In fact, our future is less clear than it was a few months ago. We're all paying closer attention to the news. We watch our net worth rise and fall with the stock market. Many people are skittish about traveling and those who do venture out are learning to cope with the frustration of long lines, delays, cancellations and increased security screening.

Across the country, uncertainty rules. President Bush says the war on terrorism will take years to win. And it's hard to hold a conversation or open a newspaper without being reminded about the confusion. One local headline shouts "Bullish on tourism" while another story whispers about cruise ships being "sitting ducks for terrorists." National magazine covers ask, "Are you too scared to spend?"

Many people are finding it difficult to make personal or business plans in this environment. Ongoing terrorism threats and the nation's economic downturn are hurting our economy. Juneau's tourist-oriented businesses lost an estimated $2.5 million during the two weeks immediately following the Sept. 11 attacks. Canceled flights and cruise ship visits accounted for some of the downturn. But business owners report that even the customers who showed up weren't buying much. And the slow down continues.

Juneau's public-sector employment dropped 9 percent in the past decade. This trend is likely to continue, especially now that state oil revenue is falling along with oil prices. Tourism is the second largest private sector of the Alaska economy behind oil. It is the only major Alaska business sector that expanded in 2000, primarily because cruise ships carried more customers into our state. Southeast is particularly dependent upon the visitor industry. Many of our new jobs are tourism related, so when tourism falls, Southeast's economy feels the pain.

Last year cruise companies delivered half of Alaska's visitors and generated more than $700 million worth of business across the state. Now they are among the businesses hardest hit by the ongoing terrorist threat. Their stock values fell by half after Sept. 11 and bookings to Alaska and other destinations plummeted. Cruise lines are offering huge discounts to attract passengers, but their revenue is way down and bookings remain sluggish. No one knows how many people will ultimately choose to cruise in 2002 or how much they'll be comfortable spending once they get here.

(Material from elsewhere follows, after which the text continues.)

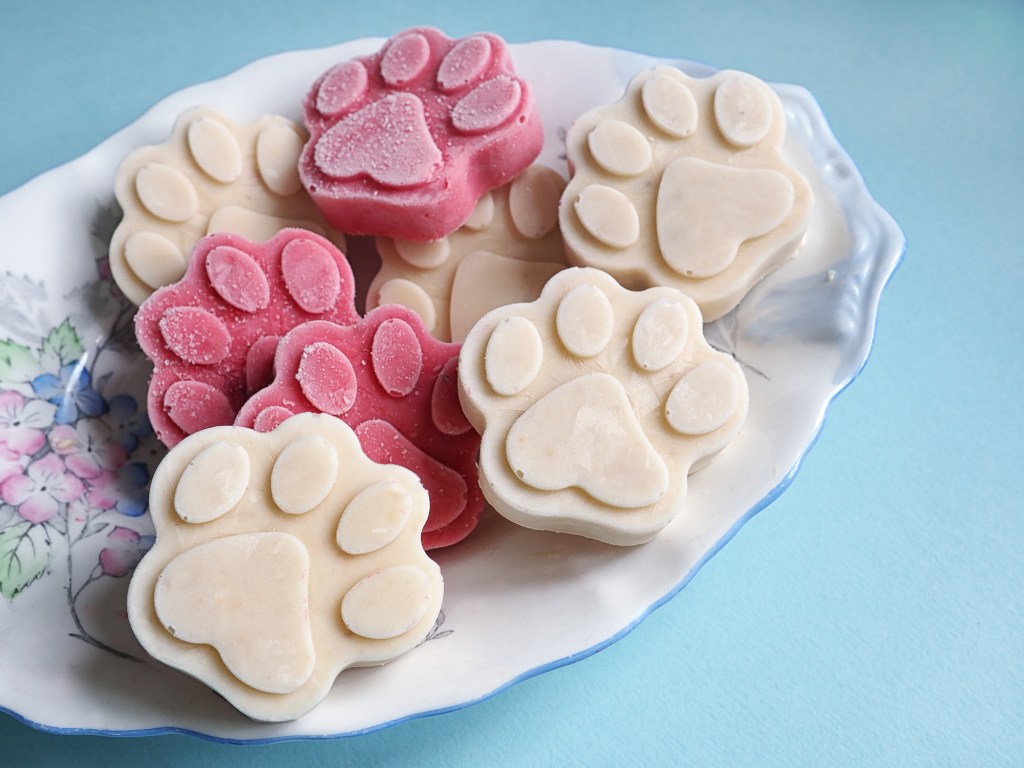 Close-up photo of homemade dog treats, a popular Valentine's Day gift for dogs, in a floral dish on a blue background.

At the same time cruise expenses are up. Cruise lines shuffled schedules to bring more ships to Alaska and keep them out of danger zones. They increased security. And they are spending hundreds of thousands of unbudgeted advertising dollars to lure visitors back to Alaska. That's on top of the more than $70 million they already spend annually to promote Alaska.

The rest of the visitor industry is facing similar problems. Revenues are down because fewer people are traveling and expenses are up because of terrorist threats. Extra security costs money and insurance rates are climbing. Many flight-seeing companies suddenly had their rates jump 50 percent to 300 percent. To remain solvent, these businesses need visitors to return next summer.

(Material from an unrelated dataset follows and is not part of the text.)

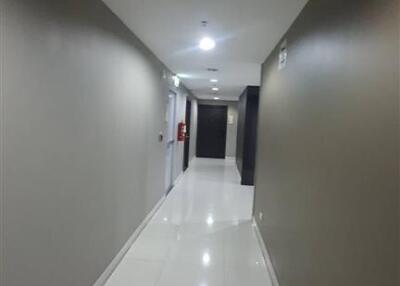 Hallway with white tile flooring and beige walls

Vigilant civic leaders around the state are bracing for reduced tourism. Seward officials cut $450,000 from their 2002 budget in anticipation of a 20 percent decrease in sales and bed-tax revenue. And Fairbanks administrators reduced their 2002 budget by nearly $2 million because they expect a $200,000 drop in bed-tax revenue and lower permanent fund earnings.

During shaky economic times we need outside tourist dollars more than ever. This money keeps Alaska businesses healthy, creates jobs and generates tax revenue that pays for services we all need and use. Our political leaders should support this important sector of our economy and encourage people to visit our state. They should not back new taxes that would hurt our visitor-related businesses.

That's exactly what the proposed $100 per couple cruise ship head tax would do. It would tax Alaska businesses by chasing away potential visitors or taking money that cruise passengers would otherwise spend at Alaska businesses.

We're already having a hard time convincing prospective travelers that Alaska is an affordable place to visit. Why give potential visitors one more reason to stay home?


Paulette Simpson of Juneau contributed this commentary on behalf of the Visitors Benefit Alaska Coalition.